Mary, now 79, of Oxford Road, Maidstone, then 18-year-old Mary Hayman, was celebrating the end of the war in Europe with her laughing and excited friends in Tonbridge High Street.
"We were all doing the palais glide and were in lines across the road," said Mary. "Soldiers – the Royal Signals – were billeted three miles out of Tonbridge, but doing the same as us across Tonbridge High Street.
"Their line in front stumbled, then our line fell on them and that was how I met my husband to be – Eric Bradburn, a 24-year-old soldier from Manchester.
"We married 11 months later, in May, 1946, and had three children. We moved back to Maidstone from Manchester, but unfortunately, Eric died, aged 41, of cancer.
"I eventually married again years later, but I will always remember that happy May, 1945. Good memories indeed."
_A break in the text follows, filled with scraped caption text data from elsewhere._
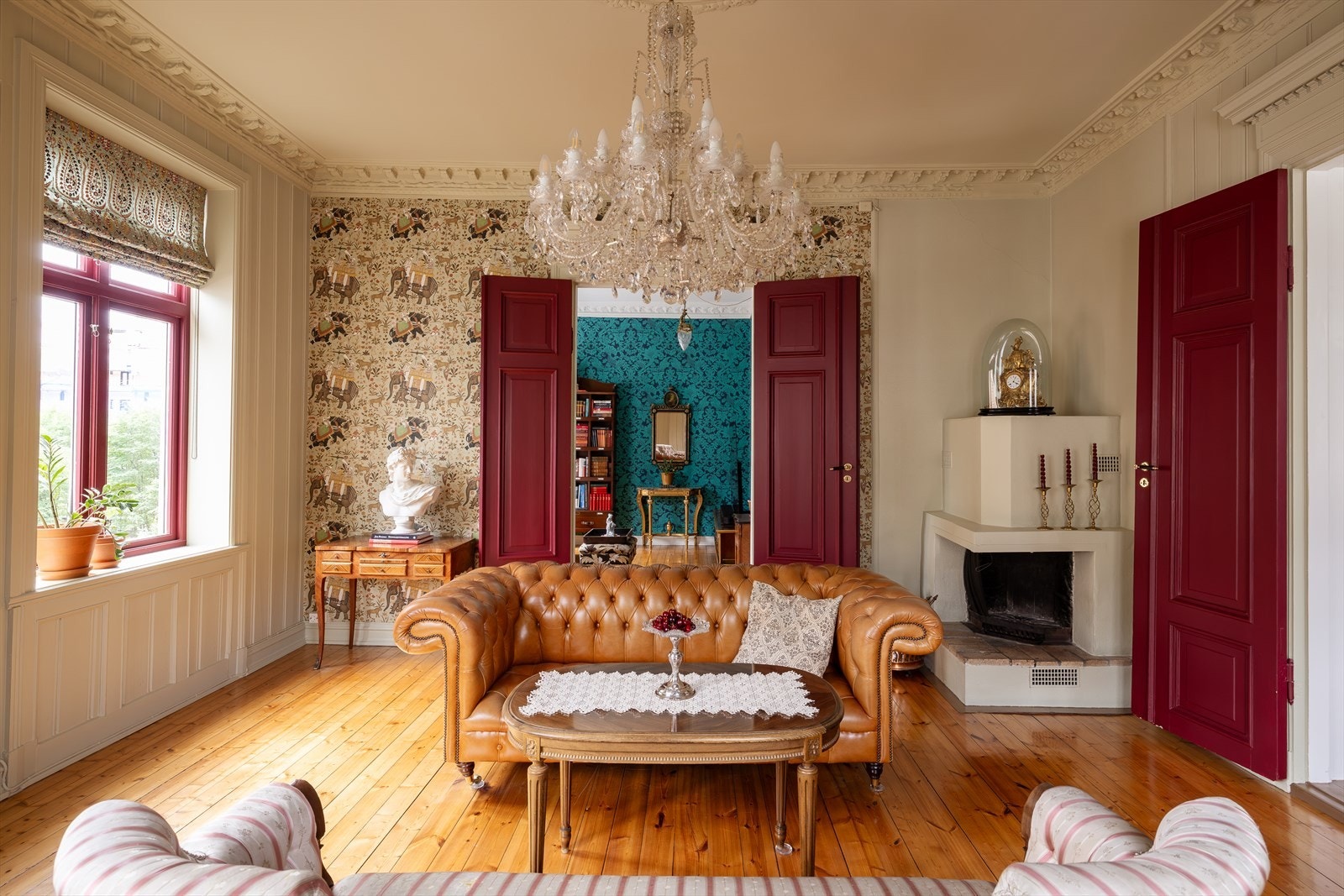 Doble fløydører både mot tv-stue og kjøkken med kopier av tidstypiske dørvridere fra nyrenessansens Kristiana-hjem. Galleribilde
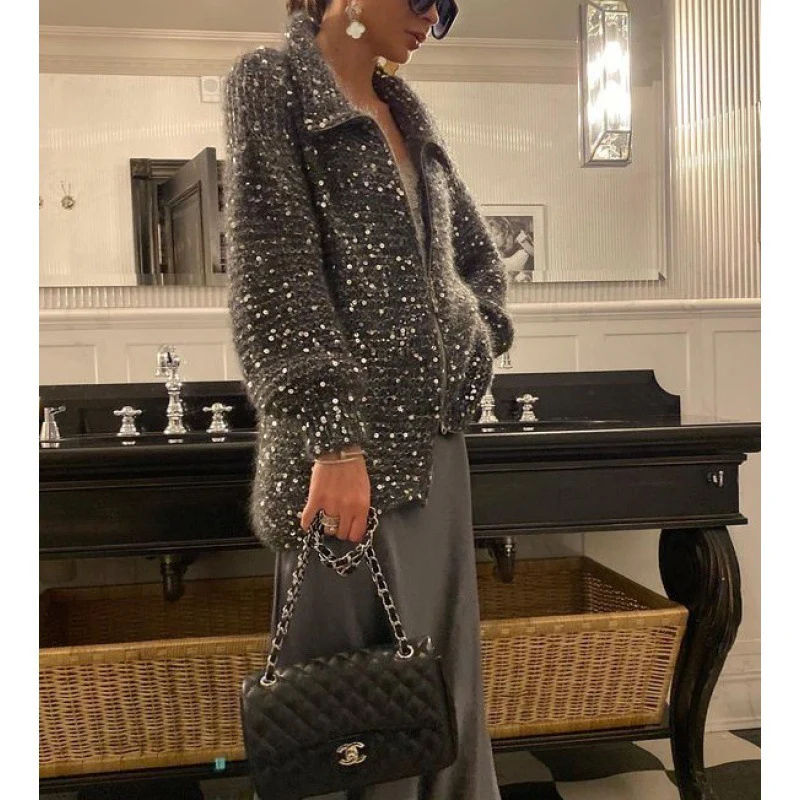 Apolline – Manteau en maille scintillant avec sequins, alliant chic et glamour pour un style raffiné – Image 5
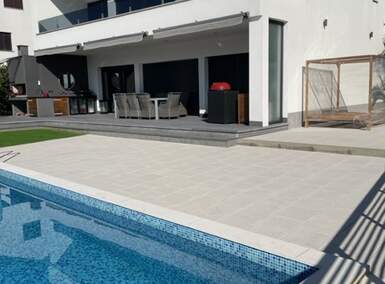 Kuca, Crikvenica, prodaja, 1300000 €, 250 m2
Mary, the daughter of a steam train driver, who was just 14 when war was declared, had taken a group of young children to Summerhall Park, Tonbridge, about half-a-mile from her home.
"I remember it so vividly,” she recalled. "One of the children’s fathers came cycling to find us and said we must hurry home. War had been declared, so it was time to get home and under cover – and we all ran back."
Mary said that on VJ Day, she was at a street party and there was a raffle. "I won a doll dressed by a neighbour,” she said. “I named the doll Victoria-Jane – same initials as the day. I do wonder what happened to her."